Three times we passed deserted hamlets, the small houses bereft of their roofs, lying open to the sun. Some of the walls had started to collapse, exposing their rock and mud interiors. In the main though, the plastered walls and the decorated "platibanda" strips along the top of the walls were in good shape.



On our return Jones and I both went out like lights on the bed, in spite of the growl from Natasha’s busy vacuum cleaner downstairs. I was woken by a sudden Jones leap from the bed. She’d been woken herself, she confessed a minute later, by a bite on her tummy, courtesy of a tick she’d picked up along the way. It went down the loo.

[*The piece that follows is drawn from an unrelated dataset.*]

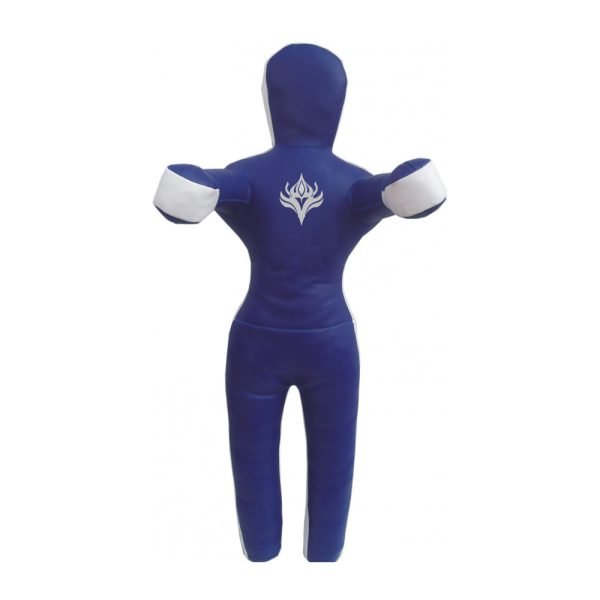 MMA Dummy Bag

Jones’s soft heart for bees and butterflies, which she rescues from the windows, doesn’t extend to ticks.
After dropping Natasha in Loule that evening, we went on to Faro for cocktails to mark the opening of a new rehearsal room for the Orchestra of the Algarve – of which we’re minor patrons. Following drinks and a few forgettable speeches, we trooped inside for a little chamber music.

Chamber music is something that mainly I can live without. Even so, I quite liked a piece for piano and cello. (Jones preferred a piano-bassoon - spelled “basson” - duet.) I failed to recognise the cellist, whom we’ve often seen, because for once she had her hair drawn back – and was chided by my beloved for being obtuse. (I think that’s a kind of angle.)
We made another trip to Faro to renew my international driving licence, discovering on arrival that the offices of the Portuguese AA had moved from the outskirts to the centre. So we trekked in and hunted around for somewhere for the dogs to lift their legs. Prominent signs banned 4-legged visitors from the few green spaces. At least I found the new office free of customers and was able to leave with the document 20 minutes later. It’s never been sought on my many visits to Canada. But Sod’s law says that it would be if I didn’t have it.
On the way home, we stopped off at “Honda” to check out a minor intermittent leak that, has irritated Jones by dropping oil on her cobbles. I’d taken the car once before, soon after the service that provoked the leak, but without having the problem identified. While Honda raised the car and Jones walked the dogs, I wandered around the showroom, eyeing the latest models and wincing at the prices. The new CRV costs 45,000 euros plus – nearly half of it tax. It’s outrageous.

I dropped in one morning on the little old cobbler who operates, hunched over his last, in a dark Dickensian room close to the senior university. A handwritten sign, tied to the railings, proclaims his trade. Shoes, bits of leather and scraps of iron lie scattered about the room. I wanted to take a picture but the old man said the place was too untidy. I presented him with one of one of Jones’s shoes, the stitching of which had given way at the heel.
Several days later I went back to fetch the shoe. The cobbler had sewn a neat patch inside the heel, maybe half an hour's work. The charge for this, he said, was one euro. I gave him two and he thought it was Christmas. He, and one other old fellow, are the last cobblers practicing their trade in Loule, and are going the way of Estiveira. The new breed operate in shopping centres, with a range of high-tech “while you wait” equipment. I like the old ones better.